Ne domandai a qualcuno dei giovani che hanno per mestiere di scovare le donne: ma non ne sapevano nulla; anzi non l’avevano notata, tanto vivea solitaria. Ma un giorno che si fermò dal parrucchiere, il cui garzone, quello che porta Carlo Marx alla catena, accumula per le circostanze anche il mestiere dell’orologiaio (si fermò a riprendere il suo orologio), io mi accostai per sentire il suono della sua voce. Era una voce calda, esercitata, profonda. «Oh, una lira basta!» aveva detto: levò da un borsellino, tanto minuscolo per quanto grande era il cappello, la moneta, la squadrò con gli occhi grandi di miope, la buttò lì e s’allontanò seccata.
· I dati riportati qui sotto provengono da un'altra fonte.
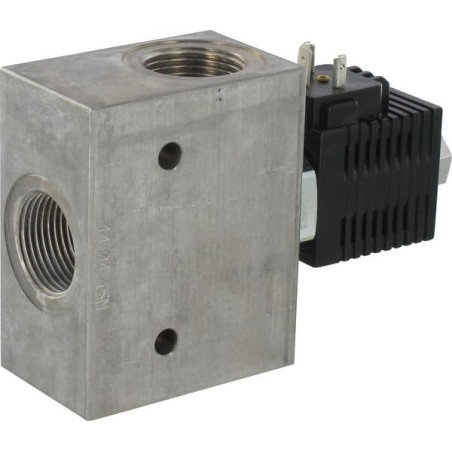 Clapet DANFOSS CP5024002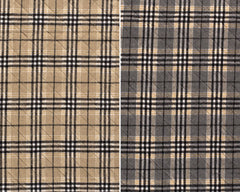 Jacquard Stepper Cozy Caro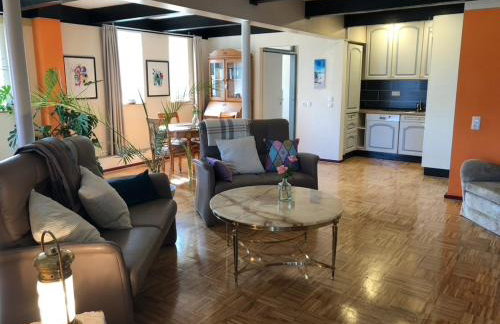 Heikendorf Große Ferienwohnung mit Terrasse - Foto 8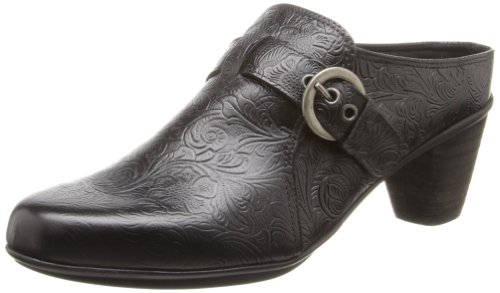 Image of Rose Petals Women's Pleasure Mule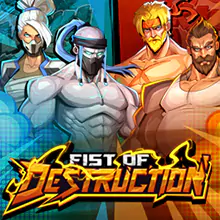 First of Destruction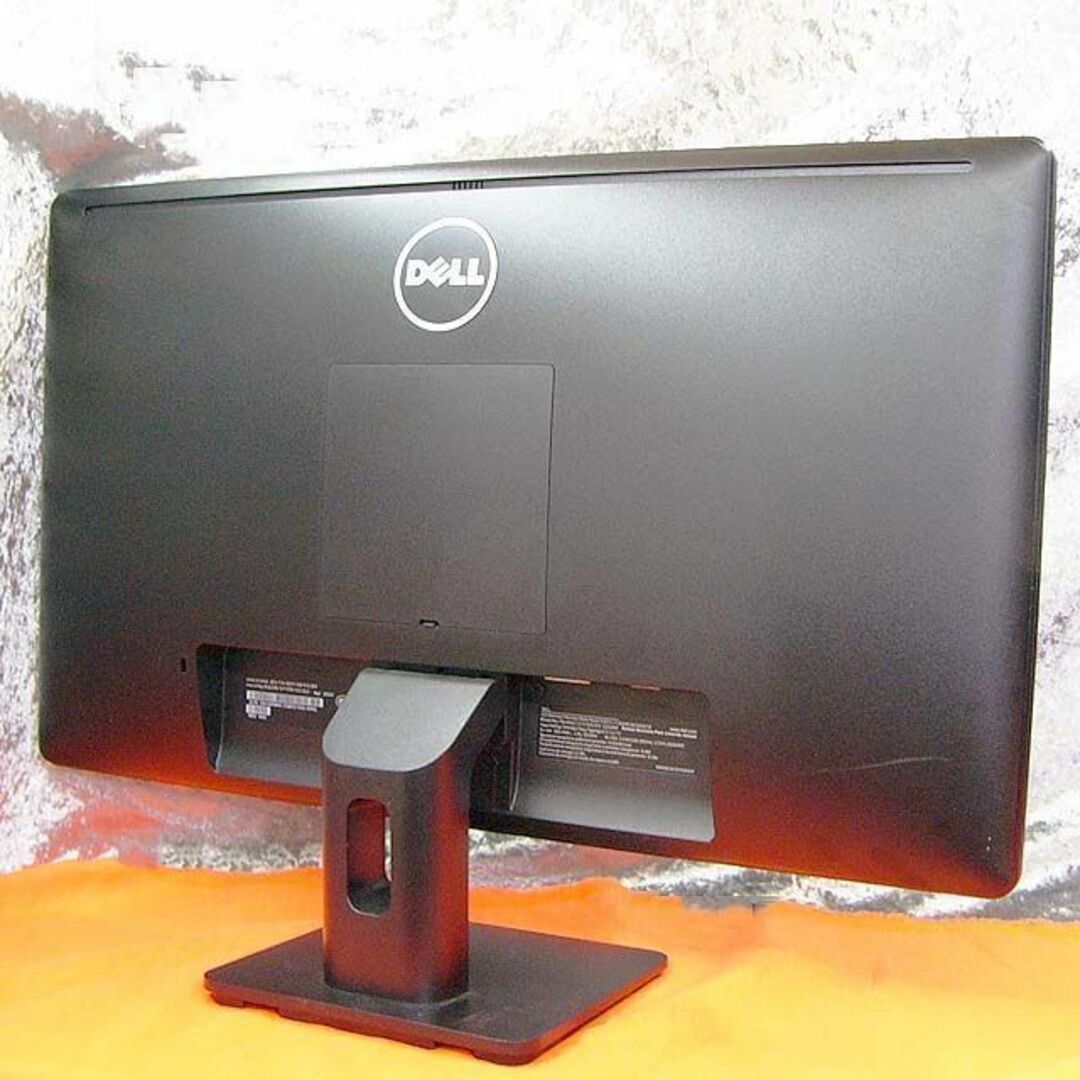 DELL - 【特価モニター】☆DELL☆23インチワイド液晶モニター その②の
Ma io già udii quella voce in grida di Valchiria, in gemiti di cavalla nitrente, io vidi quella zingara già vestita da regina, quella piccola figura già la ammirai sollevarsi, contorcersi sotto il soffio della passione. Dove?

Sul palcoscenico.

Quel minuscolo piede, allora senza calze, difeso da una ciabatta di pezza, che pareva compiacersi nell’insolentire contro la polvere bianca, sollevandola a nembi (disprezzo agli altri, incenso a sè?), dunque vidi calzato di sottile, eretto coturno?